Inschrijving Gambiaanse geboorteakte
De rechtbank begrijpt uit alinea 36 van het inleidend verzoekschrift en wat op zitting is besproken dat door verzoekster ook is verzocht om de inschrijving van de Gambiaanse geboorteakte van [jongmeerderjarige] te gelasten.
Bij de stukken bevindt zich een op 10 juni 2021 opgemaakte geboorteakte van de
minderjarige ( [nummer] ), waaruit blijkt dat [jongmeerderjarige] is geboren op [geboortedatum]

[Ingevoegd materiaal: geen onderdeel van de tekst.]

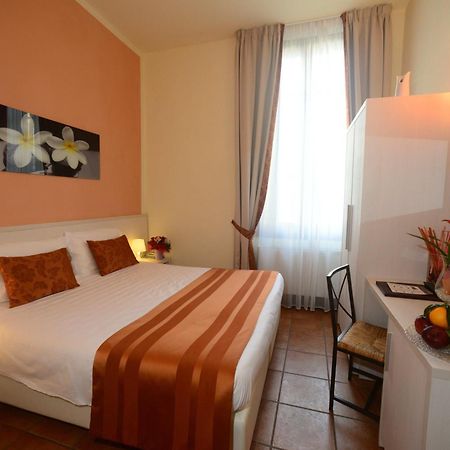 Hotel Bella Firenze Habitación foto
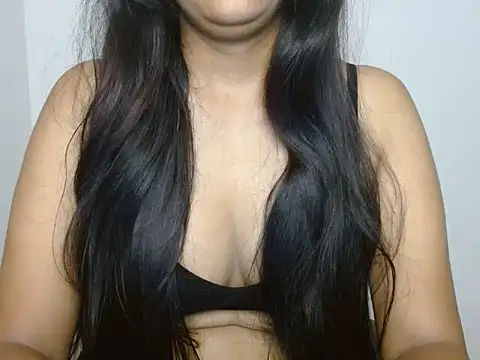 Snapshot of priya_022 chatting on 09/19/25, 05:17 priya 022 online show from 09/19/25, 05:17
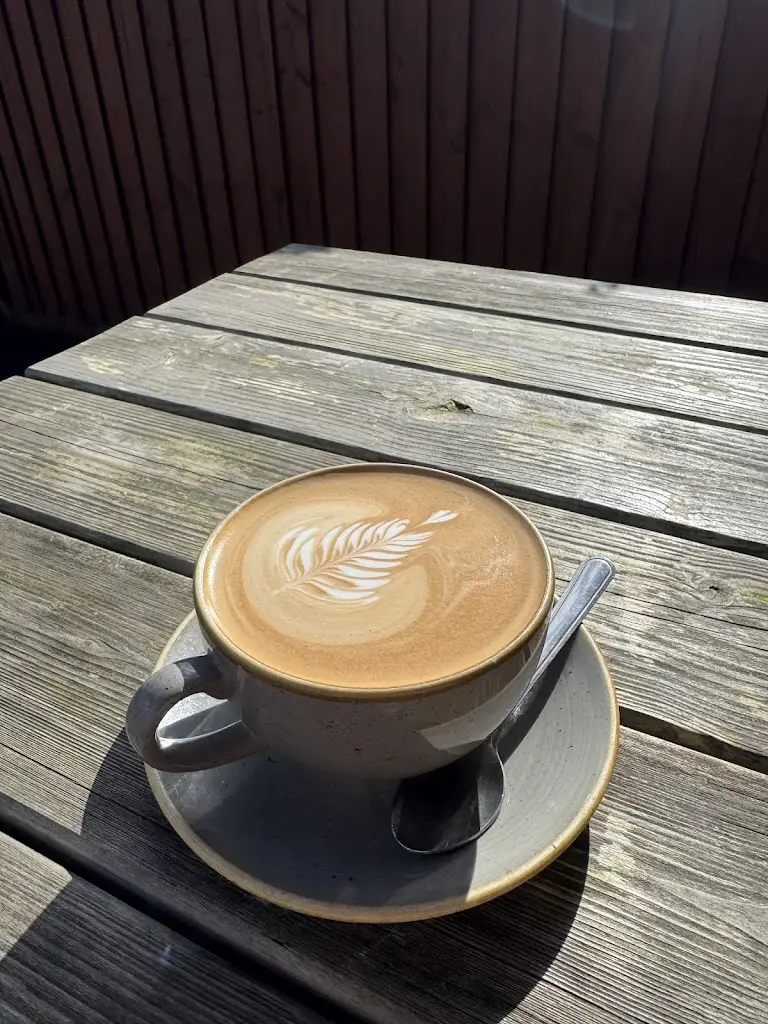 CHAMPION VANS_The Post Room_Cwmbran_recensione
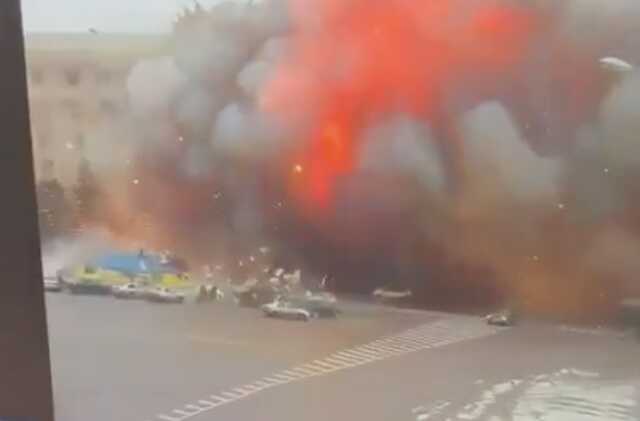 По площади Свободы нанесли удар крылатой ракетой класса "Калибр"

2005 te [geboorteplaats] , Gambia, als zoon van de biologische moeder [naam 3] en de biologische
vader [naam 2] . De rechtbank stelt vast dat deze geboorteakte is gelegaliseerd,
zodat vaststaat dat de geboorteakte door de bevoegde buitenlandse instantie overeenkomstig
de plaatselijke voorschriften is opgemaakt. Daarom is de rechtbank van oordeel dat de
geboorteakte vatbaar is voor inschrijving in de Nederlandse registers van de burgerlijke
stand. De rechtbank zal overeenkomstig het bepaalde in artikel 1:25 lid 5 juncto lid 2 BW
gelasten dat deze akte wordt ingeschreven in het register van geboorten van de gemeente
‘s-Gravenhage .

Beslissing

De rechtbank:
*
verklaart voor recht dat de uitspraak van de “ Brikama Children ’s Court of the Gambia” van 25 april 2022, tot adoptie van [jongmeerderjarige] , geboren op [geboortedatum] 2005 te Lamin , Gambia , door [verzoekster] , geboren op 18 april 1965, aan de in artikel 10:108 BW genoemde voorwaarden voor erkenning voldoet en daarmee van rechtswege wordt erkend;
*
gelast de ambtenaar van de burgerlijke stand van de gemeente ’s-Gravenhage de in Gambia door de in dat land bevoegde instantie overeenkomstig de plaatselijke voorschriften opgemaakte akte van geboorte van [jongmeerderjarige] met nummer 2545098 ,waarvan een kopie aan deze beschikking is gehecht, in te schrijven in het register van geboorten;
*
gelast de ambtenaar van de burgerlijke stand van de gemeente ’s-Gravenhage om, zodra deze beschikking in kracht van gewijsde is gegaan, een latere vermelding van de erkenning van de Gambiaanse adoptiebeslissing aan de geboorteakte toe te voegen;
*
wijst af het meer of anders verzochte.
Deze beschikking is gegeven door mr. E.D.A. Geleijns, mr. A. Emmens en mr. K.M. Crooij-Heins, rechters, bijgestaan door V. van den Hoed-Koreneef als griffier en uitgesproken ter openbare terechtzitting van 29 februari 2024.